[Records from a dataset]
++++

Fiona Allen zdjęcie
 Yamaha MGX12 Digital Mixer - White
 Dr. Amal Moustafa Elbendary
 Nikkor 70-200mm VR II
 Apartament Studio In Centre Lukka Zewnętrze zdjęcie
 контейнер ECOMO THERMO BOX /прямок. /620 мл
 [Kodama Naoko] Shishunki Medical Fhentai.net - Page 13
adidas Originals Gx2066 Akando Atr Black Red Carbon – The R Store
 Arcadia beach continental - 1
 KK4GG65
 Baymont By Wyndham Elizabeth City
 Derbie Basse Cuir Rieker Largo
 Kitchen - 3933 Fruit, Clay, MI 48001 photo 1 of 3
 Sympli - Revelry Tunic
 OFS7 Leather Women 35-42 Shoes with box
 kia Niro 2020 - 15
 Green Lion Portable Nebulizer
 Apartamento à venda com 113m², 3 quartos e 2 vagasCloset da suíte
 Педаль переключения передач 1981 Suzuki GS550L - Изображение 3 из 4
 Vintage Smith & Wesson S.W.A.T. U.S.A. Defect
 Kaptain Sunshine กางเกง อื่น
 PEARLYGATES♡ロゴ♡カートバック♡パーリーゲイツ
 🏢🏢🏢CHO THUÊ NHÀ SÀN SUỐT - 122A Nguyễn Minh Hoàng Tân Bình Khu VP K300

++++

Restate word for word the lines above, beginning with the one that contains "[Kodama Naoko] Shishunki" and ending with the last line.

 [Kodama Naoko] Shishunki Medical Fhentai.net - Page 13
adidas Originals Gx2066 Akando Atr Black Red Carbon – The R Store
 Arcadia beach continental - 1
 KK4GG65
 Baymont By Wyndham Elizabeth City
 Derbie Basse Cuir Rieker Largo
 Kitchen - 3933 Fruit, Clay, MI 48001 photo 1 of 3
 Sympli - Revelry Tunic
 OFS7 Leather Women 35-42 Shoes with box
 kia Niro 2020 - 15
 Green Lion Portable Nebulizer
 Apartamento à venda com 113m², 3 quartos e 2 vagasCloset da suíte
 Педаль переключения передач 1981 Suzuki GS550L - Изображение 3 из 4
 Vintage Smith & Wesson S.W.A.T. U.S.A. Defect
 Kaptain Sunshine กางเกง อื่น
 PEARLYGATES♡ロゴ♡カートバック♡パーリーゲイツ
 🏢🏢🏢CHO THUÊ NHÀ SÀN SUỐT - 122A Nguyễn Minh Hoàng Tân Bình Khu VP K300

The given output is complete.